I would check with your local ordinances before building just to be sure about codes. Years ago I built a 12'x12' shed. I didn't need a permit or anything. 
Few years later I added on to the shed. I then needed a $10.00 permit. A couple years ago I built a second shed. I needed to submit plans, get a permit, go through the same inspections as a house, and then a final inspection to get occupancy, just like a house. So, make sure you know the local ordinaces before you start. 

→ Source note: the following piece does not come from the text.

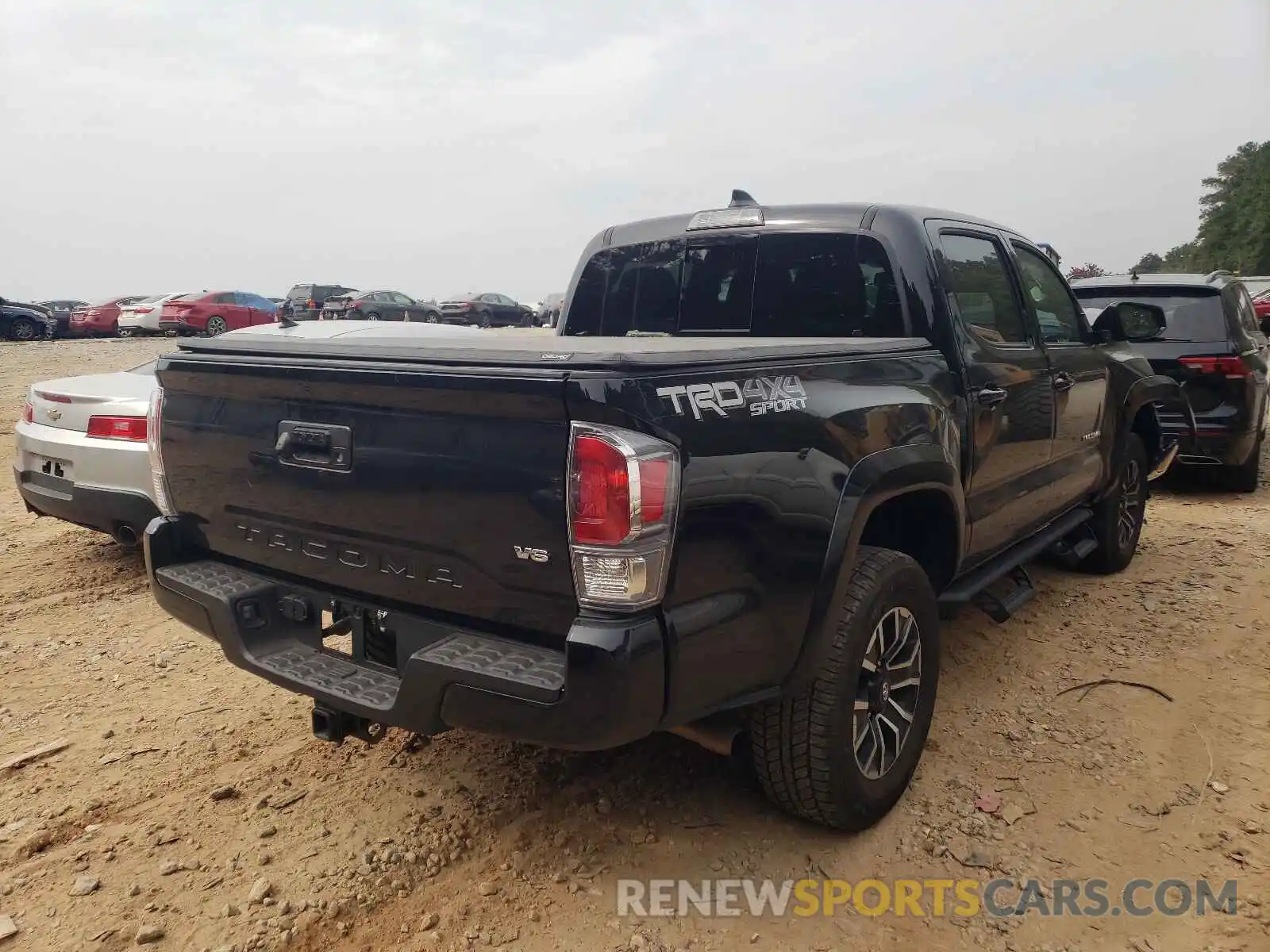 4 Photograph of a damaged car 3TYCZ5AN8LT002238 TOYOTA TACOMA 2020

I belong to the local Habitat for Humanity. Last summer we bought a pre-built shed from the local High School shop class. We were required to get a permit to put it on site. No big deal but it is a good idea to check before you proceed.


----------



## shadebuilder (Nov 29, 2005)

I would agree with furtrader 100%.  Get some plans, a little help and a free weekend.  best of luck.


----------



## araujo (Jan 17, 2011)

With a good plan a few friends, some BBQ ribs, you should be able to build you shed in a weekend. take care.


----------



## daklaw (Jan 17, 2011)

I recently did a small shed in a couple of days. I had no plans other than an idea in my mind what I wanted. I did a blog article with pictures on my experience. DIY Home Renovations » Construction and DIY I believe it is a DIY project most handy people can accomplish. It's just a shed.


----------



## joecaption (Jan 18, 2011)

A few rules of thumb.
Never have a shed sitting to close to the ground. If it's to close you get whats called splash back when it rains and the sides will rot out.
Windows add to the cost, slow down building it, allow someone to look inside that may be thinking about breaking in, makes an easy way to break in, takes up valubale wall space for hanging things.
Never build it to small. By the time you add a work bench and some shelves there will little room for anything else.
Use Advantec T&G sub flooring not pressure treated. Advantec has a 50 year warrenty, does not need ACQ approved fastners, and will not delaminate.
Make sure the roof has an over hang. If not the waters going to be running down the sides and rot it out.
I just hate T-11 plywood but that seems to be what a lot of people build them with. I seal the bottom of the T-111 with two coats or West System, shellic, or oil based primer. (what ever I seem to have left over from a job)
I only use soild colored stain not paint on the face of it. Stain faids, it does not peel like paint will. And coat it with two coats on the outside and at least one coat before installing the panels on the back side at least 12" up from the bottom. That seals it so the panels do not rot out in a few years.
Make sure to use drip cap on the outside edges of the roof sheathing so the water can not get to the end grains.
Always use three hindges and use 3" screws on the doors, there heavy and will sag with just two.
I've never seen a store bought shed door that has not rotted out where the cross bucks are on the door. Far better to use 2 X 4 bracing and cross buck on the inside of the door not the outside. If you still want that cross buck look on the outside use vinyl lumber with a piece of vinyl cap molding with silicone caulking behind them on any pieces that sit horizontal so the water runs off of the cross pieces, not 1 X 4 pine.
Not sure where that other poster came up with the idea of needing planner. I've built 100's of buildings and never used one yet for 2 X 4's. It's not a Swiss watch your building.


----------



## mudmixer (Jan 18, 2011)

Much depends on the budget, where it will be located and what you want it to look like.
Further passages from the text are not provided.